The Sweet Hereafter (1997)
Trylon
Start Bleak Week off right—with a busload of kids dying. $8. 9:30 p.m. More info here.
High Fidelity (2000)
Uptown Theater
Movies are back at the Uptown, and John Cusack will be there as well. $92-$280. 6:30 p.m. More info here.
The Garfield Movie (2024)
Webber Park
Weird choice to make an animated biopic about the 20th President of the United States, but I’m intrigued. Free. 9 p.m. More info here.
Saturday, June 7
But I'm a Cheerleader (2000)
East Side Sculpture Park
A lesbian cheerleader?? What?? Free. 9:15 p.m. More info here.

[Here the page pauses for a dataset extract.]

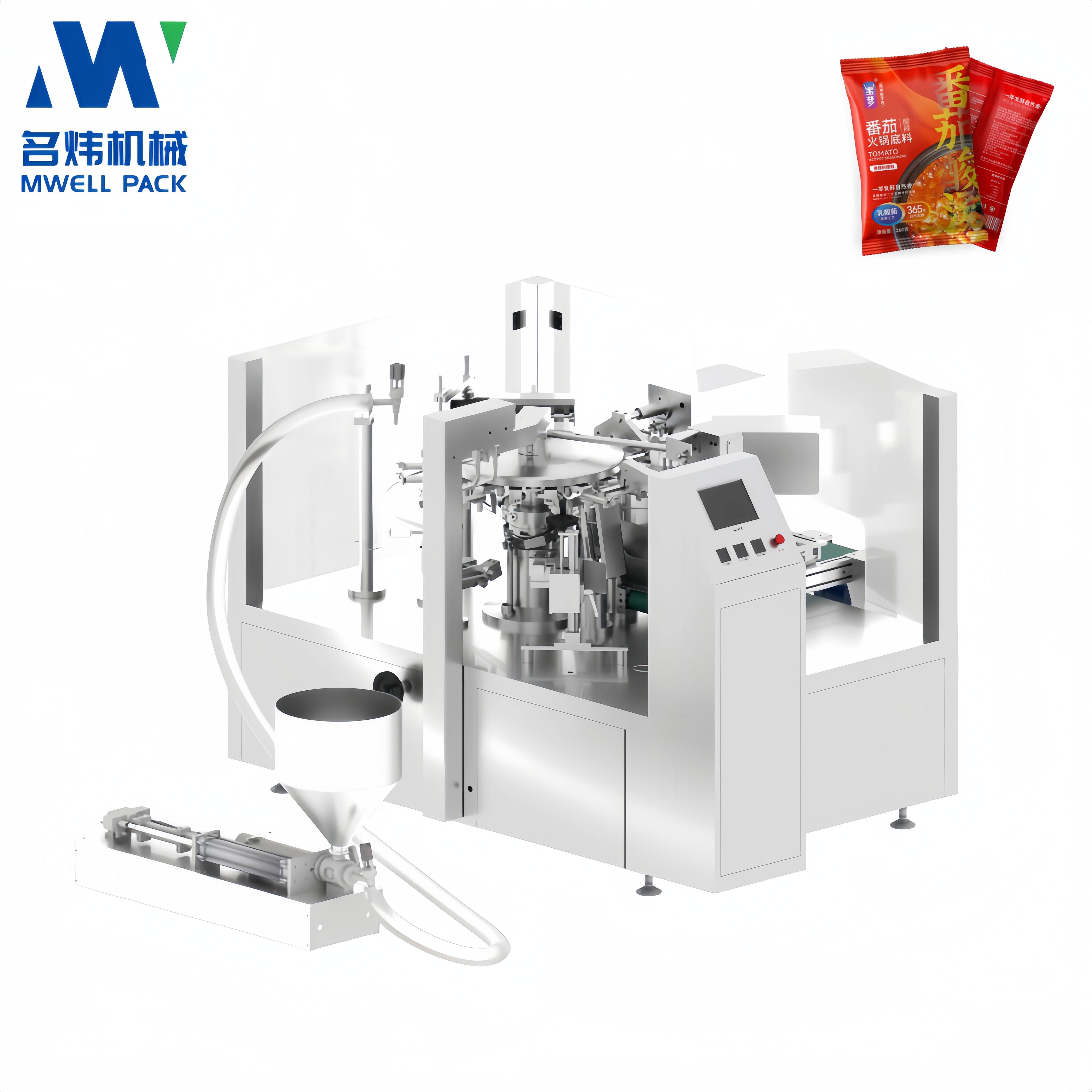 Automatic Alu Alu PVC Butter Honey Liquid Medical Pill Tablet Capsule  Battery Blister Packaging Packing Forming Sealing machine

UFC 316: Dvalishvili vs. O'Malley 2
Emagine Willow Creek
Fightin’! $26.60. 9 p.m. More info here.
Dinner in America (2020)
Grandview 1&2
On its way to becoming a cult hit, I'm told. $14.44. 4 p.m. Wednesday 7 p.m. More info here.
Forrest Gump (1994)
Lake Harriet Bandshell
A truly evil movie. Free. 9 p.m. More info here.
The Craft (1996)
Main Cinema
Hot young witches cause trouble. $11. 10 p.m. More info here.
Come and See (1985)
Trylon
The Eastern Front of WWII? Not fun! $8. 1 p.m. Sunday 12 p.m. More info here.
Dogra Magra (1988)
Trylon
“A phantasmagorical descent into gloom and despondency,” you say? $8. 4 p.m. Tuesday 9:30 p.m. More info here.
Threads (1984)
Trylon
Britain does not keep calm and carry on after a nuclear attack. $8. 9:30 p.m. Sunday 8:30 p.m. More info here.
Sunday, June 8
Tangerine (2015)
Emagine Willow Creek
Just out of jail, a trans woman has A Day. $11.60. 2 p.m. More info here.
Twilight (2008)
Emagine Willow Creek
Let’s all listen to My Chemical Romance’s “Vampire Money.” Also Wednesday. $10.60. 3:15 & 6:15 p.m. More info here.
Happy Together (1997)
Grandview 1&2
Wong Kar-wai follows the path of fraught relationship between two men. $14.44. 9:15 p.m. More info here.
Monday, June 9
The American Miracle: Our Nation is No Accident (2025)
AMC Southdale 16/Marcus West End
Typical Christian nationalist propaganda from Fathom Entertainment. Through Wednesday. Prices, showtimes, and more info here, if you must.
Friday the 13th Part VII: The New Blood (1988)
Emagine Willow Creek
Say what you want, but seven installments in nine years is pretty damn impressive, in a production line kinda way. $7.60. 7:30 p.m. More info here.
Natural Enemies (1979)
Trylon
Hal Holbrook’s about to snap, y’all. $8. 9:30 p.m. More info here.
Tuesday, June 10
Unfriended: Dark Web (2018)
Alamo Drafthouse
Alamo’s promo copy says this sequel is “miles better than it has any right being.” $11.95. 8:15 p.m. More info here.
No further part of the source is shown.